As I strolled past (and through) the impressive booths from Microsoft, Facebook, Salesforce.com, ooVoo and many others, my thoughts continually returned to our virtual event space. After all, virtual events are a Web 2.0 application, where social networking comes to life via direct interaction (e.g. text or webcam chat in a private or group setting).
What struck me more, however, is how virtual events tie into the show’s theme. While virtual events don’t necessarily deliver less features, they do help lessen cost factors in flooring an event – and hence, the less factor ends up creating more overall value.
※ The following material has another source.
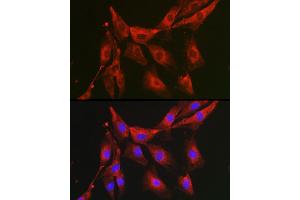 Immunofluorescence analysis of NIH-3T3 cells using FBP1 Rabbit pAb (ABIN6130385, ABIN6140501, ABIN6140502 and ABIN6221054) at dilution of 1:100 (40x lens). (FBP1 anticorps  (AA 1-338))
For an event producer, a virtual event can lessen the following costs:
- Physical event elements (booths, printed collateral, the actual exhibit hall, the associated shipping costs, etc.).
- Travel costs (air travel, gasoline, mass transit, etc.).
- Lodging costs.
- The “soft cost” of being out of the office (despite the power of mobile computing, most of us are less productive when traveling).
Should you eliminate all physical events and go purely virtual? Not necessarily. However, you might want to leverage virtual events to complement physical events – which give you the flexibility to floor a slightly smaller physical event, optimize your costs and make your event content available online (to a global audience).
I don’t want to focus purely on cost savings, however. With virtual events, I believe the right phrase is, “More Is More“, based on the following capabilities:
- Extensive activity tracking – for events with an objective of lead generation, activity tracking results in key data points that allow exhibitors to more intelligently follow up with these sales prospects. For an educational or internal-facing event, activity tracking provides useful metrics on the value or worthiness of event content (e.g. Webcasts, booths, resources, documents, etc.).
- Ongoing showcase – the event remains “alive” as long as you want – and you have the option to “light it up” at a later date to bring a critical mass of live attendees back into the environment. Otherwise, new and returning visitors can still login and access the environment on-demand.
- Global access – your event is available to anyone who has access to the Internet. For live events, the only limitation becomes concurrent access across timezones. Some virtual event organizers utilize a “follow the sun” methodology for a live virtual event, where the event is available (with support staff online) for a continuous 24 hour period.
These combination of factors excite us very much at InXpo – where we believe that not only “Less Is More“, but “More Is More” as well.